By contrast, adjusting to life in the United States was much easier than he had expected, although he imagines his first-year professors were puzzled by his English, which, although fluent, reflected British usage.
Larsson was with Management Horizons from 1970 to 1974, the early days of what quickly became one of the premier marketing consulting and research firms in the country. In addition to Doody, the company's principals included William Davidson and Roger Blackwell, both noted OSU marketing professors.
The firm's orientation toward retail marketing gave Larsson a broad familiarity with the industry and with other channels of distribution. He also worked on the retailing revolution that was remaking the industry in the United States as well as Europe.
In the course of his work he met numerous executives of retail, wholesale and manufacturing firms. One of those encounters resulted in his return to retailing. "On one tour I met executives of Gabbert's Furniture and Design Studio, which had two large stores, one in Minneapolis and one in Dallas," Larsson recalls. "We talked about emerging lifestyles, because they were starting a new division called Room and Board that was geared to the young baby boomers."

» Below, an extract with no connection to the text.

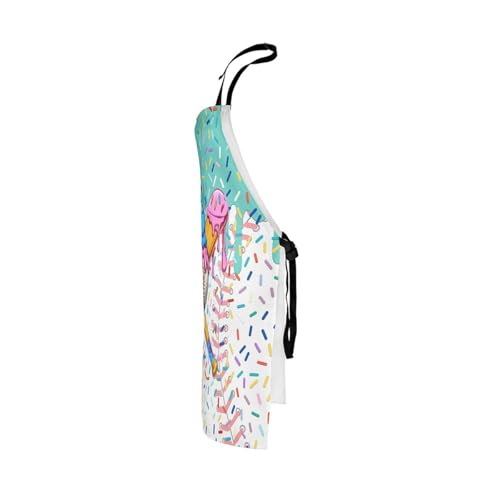 Manfei Baseball Ice Cream Kids Kitchen Apron - color: Lake Blue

Larsson joined the company and moved to Minneapolis. After four years at Management Horizons he felt he had learned a good deal, and he wanted to test his knowledge. He says that he also felt the pull of retailing.
In Minneapolis he subsequently accepted an offer from General Mills Inc., which owned such chains as Eddie Bauer and Talbots. Larsson conducted strategic planning for the retail businesses and worked on other acquisitions before joining Big Lots' predecessor, Consolidated Stores Corp.
Having experience in both worlds, Larsson notes that companies that use consultants wisely can benefit in many different ways, either from the consultants' broader and deeper knowledge of best practices or from specialized talent for a task or from a particular research methodology.
"Consultants can also help organizations manage change," he adds. "But they don't replace management's responsibility. Management has to take ownership of the recommendations and effect the changes; consultants can't do that."